The result is the Audi MGU05 – a one-speed electric drivetrain with an internal rotor, external magnets, a highly-efficient cooling system and six electrical phases. Head of e-Drive development at Audi Sport, Stefan Aicher, worked with his team to “push to the limits”, managing to save weight by using lightweight materials whilst rethinking its packaging and integration within the FE07’s chassis.
The undertaking has been described as one of Audi Sport’s “most challenging and intensive projects ever” by Formula E project leader Tristan Summerscale, with the team pulling out all the stops to add to its title tally following Lucas di Grassi’s 2016/17 triumph, and its own as a fully-fledged manufacturer outfit via the Teams’ Championship in 2017/18 at the first time of asking.
As a customer squad, Envision Virgin Racing will reap the benefits with the new unit set for its car too – to Robin Frijns and new-boy Nick Cassidy’s benefit. “It’s a step in the right direction on weight and efficiency,” said Managing Director Sylvain Filippi.
Also sporting new kit are TAG Heuer Porsche, Jaguar Racing, BMW i Andretti Motorsport, Mahindra Racing’s M7Electro, spurred on by a drivetrain partnership with ZR, NIO 333 and Mercedes-Benz EQ, alongside customers ROKiT Venturi Racing. Stoffel Vandoorne this week described the Silver Arrow 02 as a definite step forward for the German marque. Encouragement, too, for Susie Wolff’s Venturi.
Nissan e.dams, DRAGON / PENSKE AUTOSPORT and DS TECHEETAH have opted to delay their homologation and go with their Season 6 package for the season-opening rounds, giving them more time to perfect the developments they’ve got in store whilst running tried-and-tested parts. For DS TECHEETAH, the form team with consecutive Drivers’ and Teams’ titles, this makes plenty of sense. They’ll initially run an updated E-TENSE FE20.

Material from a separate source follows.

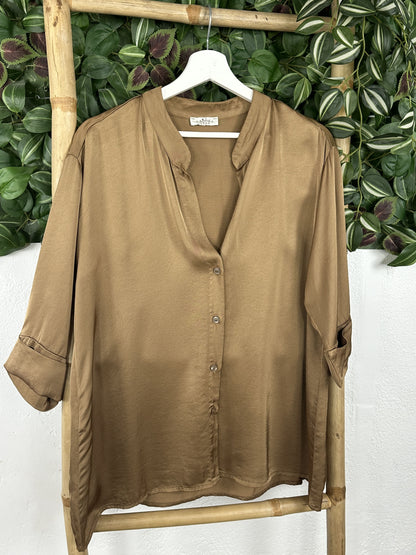 CAMISA SATINADA CUELLO MAO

“Software is a big part of Formula E and that doesn’t stop,” said Team Principal Mark Preston. “We’ve continued pushing the software side and it’s still a race car at the end of the day, so there are many elements other than the powertrain. For us, it’s the right choice to bring in the new package later in the season.

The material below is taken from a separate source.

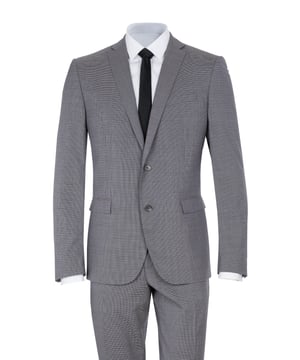 98% lana virgen, 2% elastano; traje de Corneliani;  Modelo: 83NZ49 9167520 040;  Mano de obra de alta calidad;  Mezcla de lana suave;  cuello de solapa;  Dos bolsillos delanteros, un bolsillo en el pecho;  Tres bolsillos interiores;  Dos aberturas laterales;  Pantalón de traje con botones y cierre de cremallera;  Dos bolsillos laterales, dos bolsillos pequeños delante, dos bolsillos ribeteados detrás;  Hebillas de cinturon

“We wanted to make sure we’ve got the best package possible not only in performance but also reliability for the next two seasons to come,” added reigning champion Antonio Felix da Costa.
Nissan e.dams left Berlin looking like they’d perhaps got the best of the Tempelhof Airport Circuit and their current equipment. Oliver Rowland tallied a maiden victory, with the Japanese outfit making up for lost time following the outlawing of its dual-motor setup that was set to take on the 2019/20 campaign.
The software and data race
Customers are able to take advantage of brand new powertrains from the likes of Mercedes and Audi in Formula E, which begs the question: what do they get out of it?
In Formula E, the rules and regulations mean that manufacturers have to provide their customers with the very latest version of their powertrain.
With the championship as much of a data and software race as it is an on-track battle, although not explicitly confirmed, having two teams running the same powertrain in different scenarios can only help. That’s double the data in the manufacturers’ race to improve their race cars, and take those learnings from Formula E to the road and their consumer car line-up.
After six full seasons of racing, Formula E’s teams and manufacturers are extracting ever more from their powertrain technology and software. The efficiency being achieved is mind-blowing as Gen2 reaches maturity. This year’s equipment has up to 97 per cent efficiency, which means all but three per cent of the energy from the battery is converted into kinetic energy, making the car move.
In any scenario those numbers are impressive but in comparison with other leading motorsport series like Formula 1, the figures are even more incredible. Mercedes’ championship-winning 2020 car achieves around 50 per cent efficiency, with hybrid technology and a combustion engine-based power unit. The rest of the energy extracted from that car’s gasoline fuel is lost as heat, sound and friction.
In a world of diminishing returns and as we accelerate away from fossil fuel power, efficiency is everything and Formula E’s teams and manufacturers are continuing to push the envelope and revolutionise the cars we drive on the road.